> _Listed entries_:

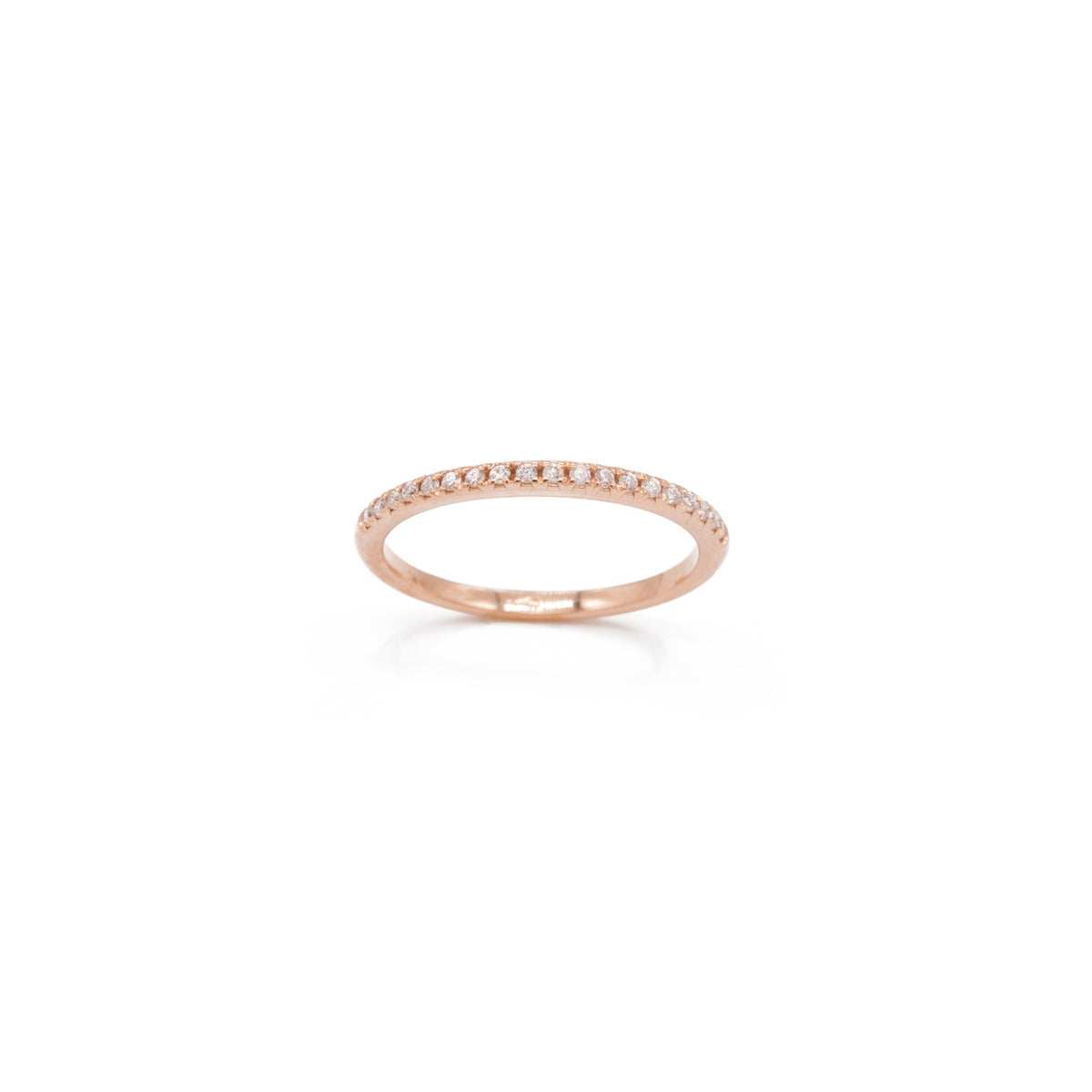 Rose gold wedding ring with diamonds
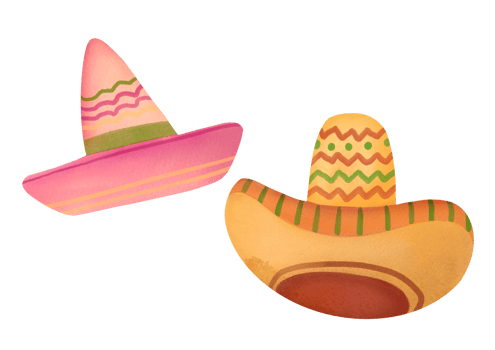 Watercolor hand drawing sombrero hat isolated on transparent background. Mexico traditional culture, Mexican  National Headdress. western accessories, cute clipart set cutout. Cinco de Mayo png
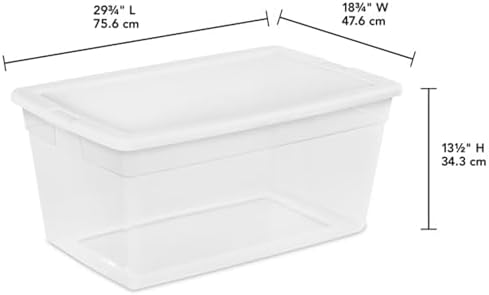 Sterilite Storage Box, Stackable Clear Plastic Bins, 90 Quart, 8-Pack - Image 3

* * *

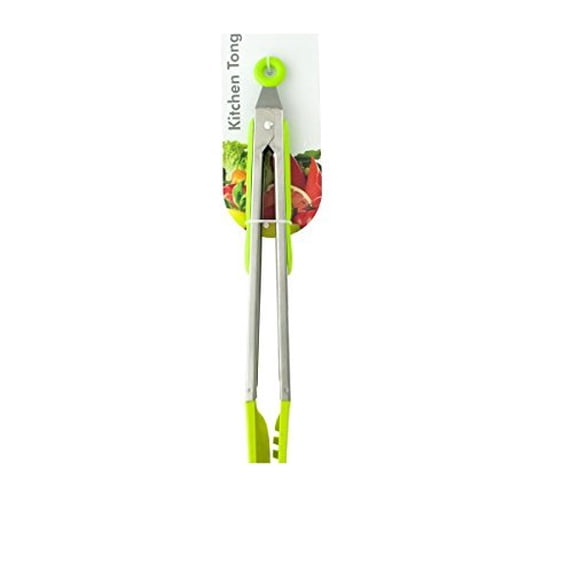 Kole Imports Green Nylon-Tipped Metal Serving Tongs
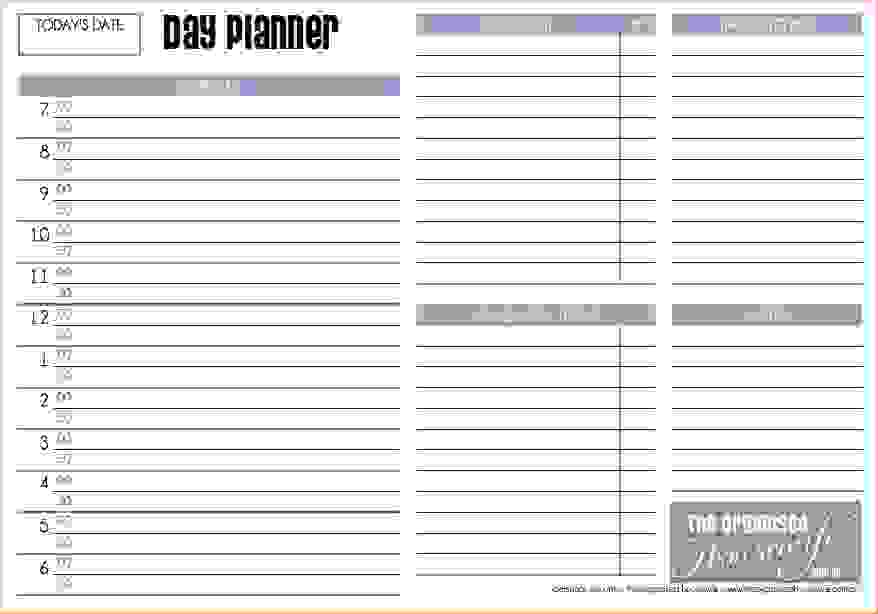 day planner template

> _What the task asks_: In the entries above, find the line with "Rose gold wedding ring with diamonds" and the line with "Sterilite Storage Box, Stackable". Return exactly those lines and all the ones between them, pictures excluded.

> _Solution to this task_:
 Rose gold wedding ring with diamonds
 Watercolor hand drawing sombrero hat isolated on transparent background. Mexico traditional culture, Mexican  National Headdress. western accessories, cute clipart set cutout. Cinco de Mayo png
 Sterilite Storage Box, Stackable Clear Plastic Bins, 90 Quart, 8-Pack - Image 3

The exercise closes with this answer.